## Stored data
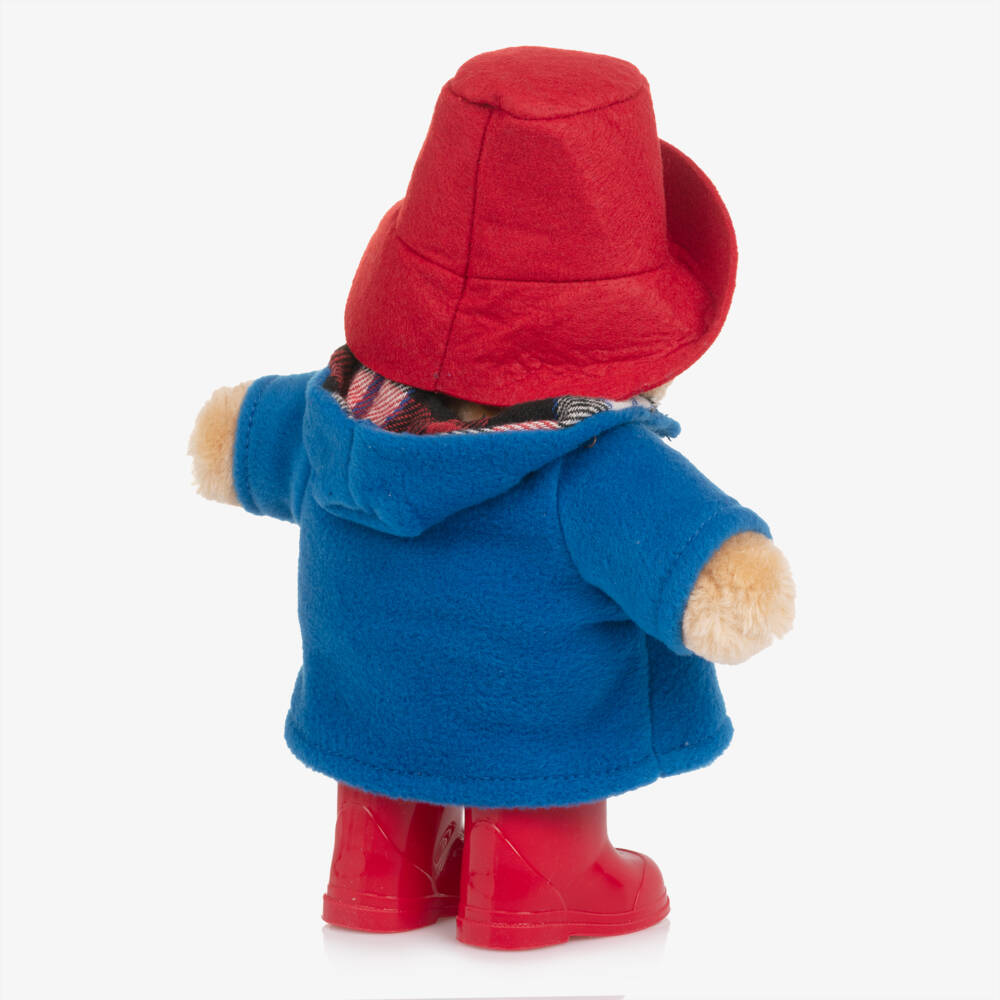 Rainbow Designs-لعبة دب بادينغتون مع حذاء قابل للإزالة (27 سم) | Childrensalon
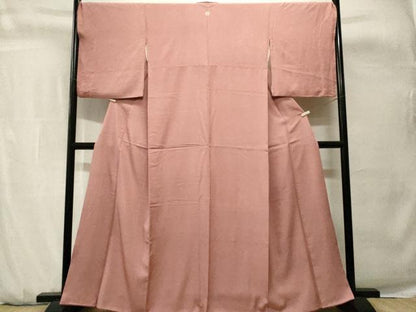 平和屋着物■江戸小紋　廣瀬雄望作　鮫小紋柄　正絹　逸品　CABH0723ev
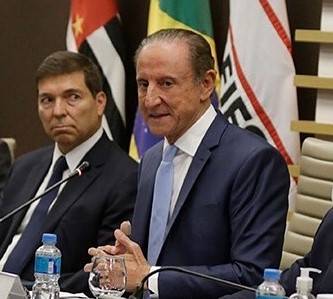Skaf Rione Paulo Skaf retorna ao comando da Fiesp e reassume protagonismo empresarial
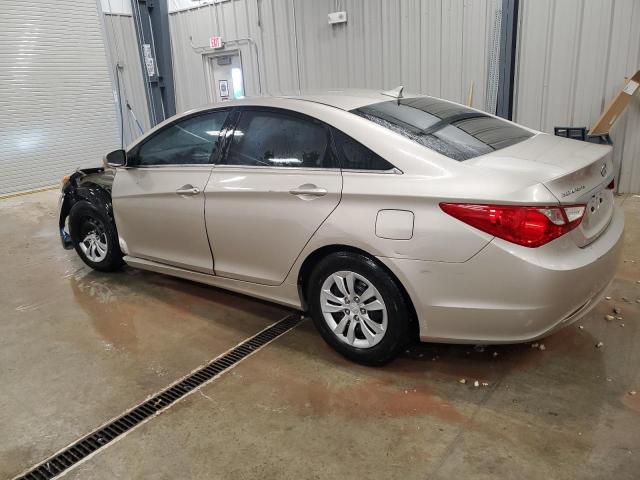 Photo 1 VIN: 5NPEB4AC3BH060554 - HYUNDAI SONATA GLS 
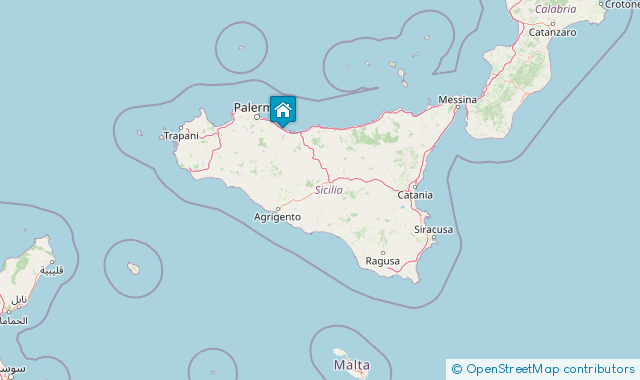 Holiday house in Sicily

## Work task
The data above should be set down again exactly, with the pictures omitted.

## Exercise answer
 Rainbow Designs-لعبة دب بادينغتون مع حذاء قابل للإزالة (27 سم) | Childrensalon
 平和屋着物■江戸小紋　廣瀬雄望作　鮫小紋柄　正絹　逸品　CABH0723ev
Skaf Rione Paulo Skaf retorna ao comando da Fiesp e reassume protagonismo empresarial
 Photo 1 VIN: 5NPEB4AC3BH060554 - HYUNDAI SONATA GLS 
 Holiday house in Sicily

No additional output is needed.